Quest. 6. Is not this return a loss to France?

Quest. VI. Is not this return of louis d’ors to France, upon the balance of their trade becoming favourable, a loss to France; since, in that case, the balance of their trade is paid with a less weight of bullion than it would be paid with, were their coin worth no more than bullion; and secondly, because when the coin is exported to pay the balance, it is exported upon the footing of bullion, and when it returns it is paid back at an advanced price?

Intricacy of this question.

The difficulty of resolving this question proceeds from the complication of circumstances in which it is involved; and the intention of proposing it, is to shew how necessary it is, in practice, to combine every circumstance in political problems.

Resolution of it.

I shall therefore observe, that since, at all times almost, French coin passes (out of France) for more than its intrinsic value, it is not well possible to suppose that, even during a wrong balance of the French trade, their coin can ever fall so low as the price of bullion; consequently the French by exporting their coin, upon such occasions, above the value of bullion, that nation is a gainer of all the difference. This operates a compensation of the loss (if any they sustain) upon the return of their coin. In the second place, when the balance becomes favourable for France, and when there is found a profit in sending back the French coin, the demand that is made for it, by those who want to pick it up in foreign countries, raises the value of it there in circulation; this again favours the trade of France, and makes the difference of paying what one owes to France in bullion at the market price, or in louis d’ors at the advanced value, very inconsiderable; which consequently prevents merchants from finding any great advantage in sending back large quantities of it.

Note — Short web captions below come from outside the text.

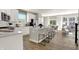 Bright and airy kitchen with modern appliances, white cabinets, and an island with barstool seating, perfect for gathering at 17721 Remy Rd, Noblesville, IN 46062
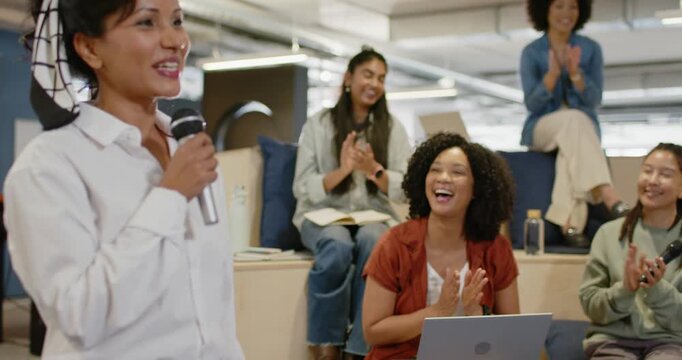 Indian woman host holding mic, opening and engaging team in office meeting with laptop, copy space
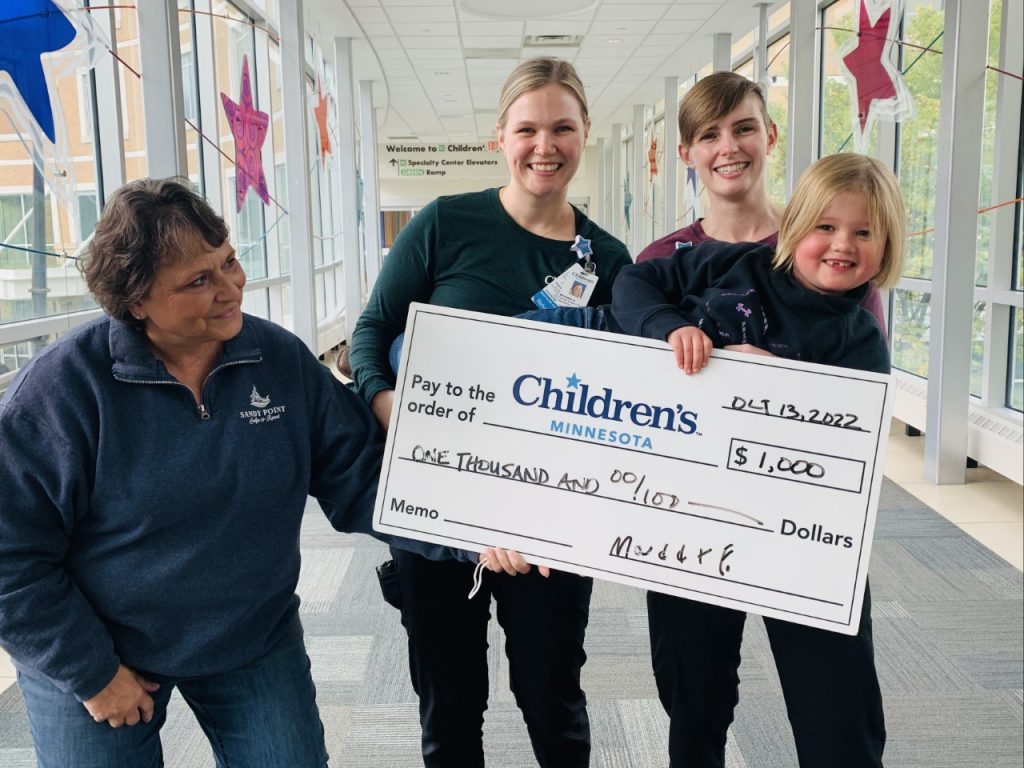 Three adults and a young girl hold up a novelty check made out to Children's Minnesota for $1,000. from Maddie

Besides, when the coin returns, although it has an advanced value, it has no advanced denomination. It was exported according to its numerary value, and it returns upon the same footing. Farther, when the coin returns as the price of French merchandize, for the same value it bears in the country, I cannot discover a principle which can make this appear to be a loss to France. The loss therefore must be upon the exportation of the coin, not upon the return of it. But we have said that if it be exported at a higher value than that of the bullion it contains, this must imply a profit to France. Consequently, the remainder of loss upon exportation must be apparent, not real: It is a loss to Frenchmen, who, in exporting the coin below the full value of it (coinage included) lose a part of what they had paid the King for the coinage; that is to say, they lose it so far as they do not draw it back in full from the foreigners to whom they owe; | It is no loss to France.| but it is no loss to France: on the contrary, it is a gain, as far as any part of the coinage is drawn back; and this is the case as oft as the coin is exported above the price of bullion.

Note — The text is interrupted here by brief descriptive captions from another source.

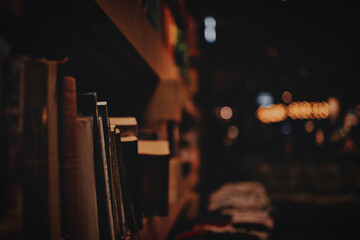 Wall Mural - closeup of a library on a dark background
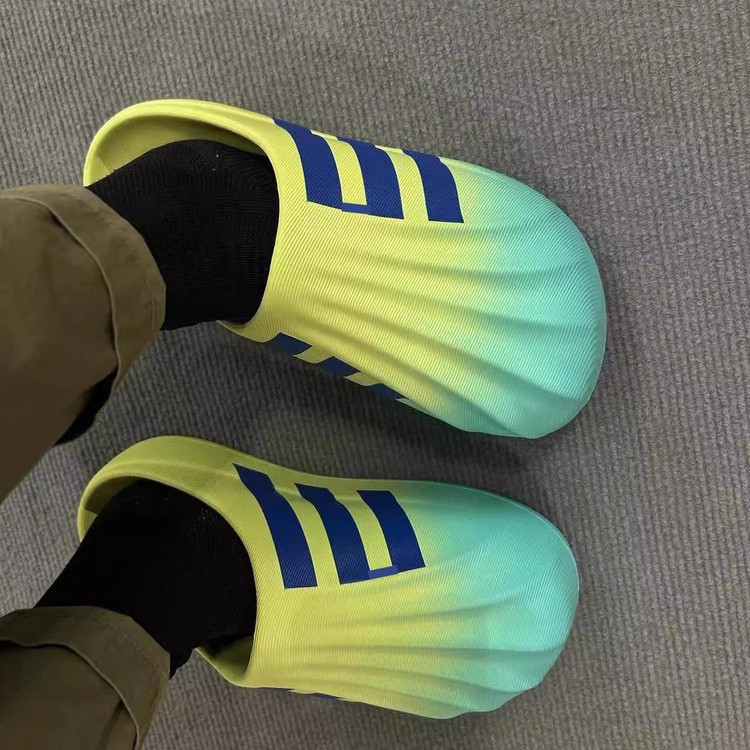 Putian EVA auténtico primavera y otoño nuevo tipo de zapatillas de cabeza de conchas de dopamina para hombres y mujeres zapatillas de agujero de fondo grueso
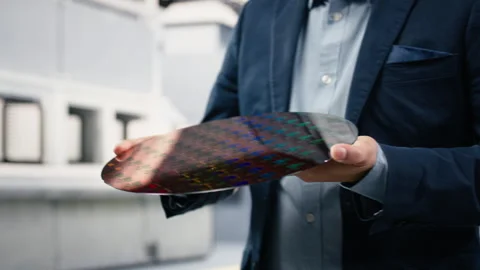 Close up of careful hardware designer carrying semiconductor substrates Stock Footage 333394769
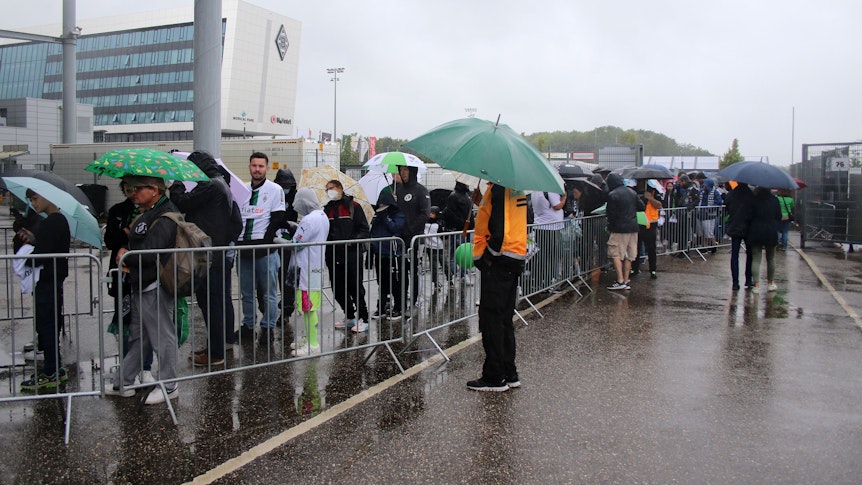 Wir sind Borussi-JA! Tausende Gladbach-Fans stehen trotz Dauerregens am Sonntag (6. August 2023) beim Familienfest samt Saisoneröffnung im Borussia-Park an, um Autogramme von den Fohlen-Stars erhaschen zu können. Zu sehen ist eine Menschenschlange und zahlreiche Regenschirme.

Another view of this question.

Or in another view. This going out and returning of the French coin, may be considered as a loss to France in this respect, that when the balance of her trade is against her, when her coin loses of its advanced value in payments made to strangers for the price of foreign commodities, those who consume such commodities in France, must consume them at an advanced price to themselves, but at no additional profit to foreign suppliers; because as to these last, the French coin, with which we suppose the commodities to be paid, having lost of its value every where, cannot then purchase so much as at another time, and consequently is not worth so much to the foreign supplier who receives it. For the better understanding of what has been here said, attention is to be had to the difference there is between a national loss, and the loss sustained by the individuals in a nation. The balance of trade is the national profit, or the national loss; but the gains or losses of individuals, may be compatible with either a right or a wrong balance of the trade of the nation to which they belong. This will be fully explained when we come to treat of exchange.

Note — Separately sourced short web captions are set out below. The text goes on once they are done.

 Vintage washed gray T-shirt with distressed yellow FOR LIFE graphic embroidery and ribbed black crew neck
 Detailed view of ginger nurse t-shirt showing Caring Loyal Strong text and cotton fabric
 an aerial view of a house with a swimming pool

In this respect, therefore, France may be supposed to lose upon exporting her coin, to wit, so far as she consumes foreign commodities at an advanced value; but then I say, that in this case France loses the whole price of the commodities, not the advanced price only; because she loses the balance of her trade. Abstracted from that, I say she loses nothing. Who loses then the advanced price? I answer, the consumer of the commodity loses it, and I say that no body gains it. This is what, in the eighth chapter of the second book, was called positive loss, and it is owing to the annihilation of a part of the advanced value of the coin, which the operations of commerce have effectuated.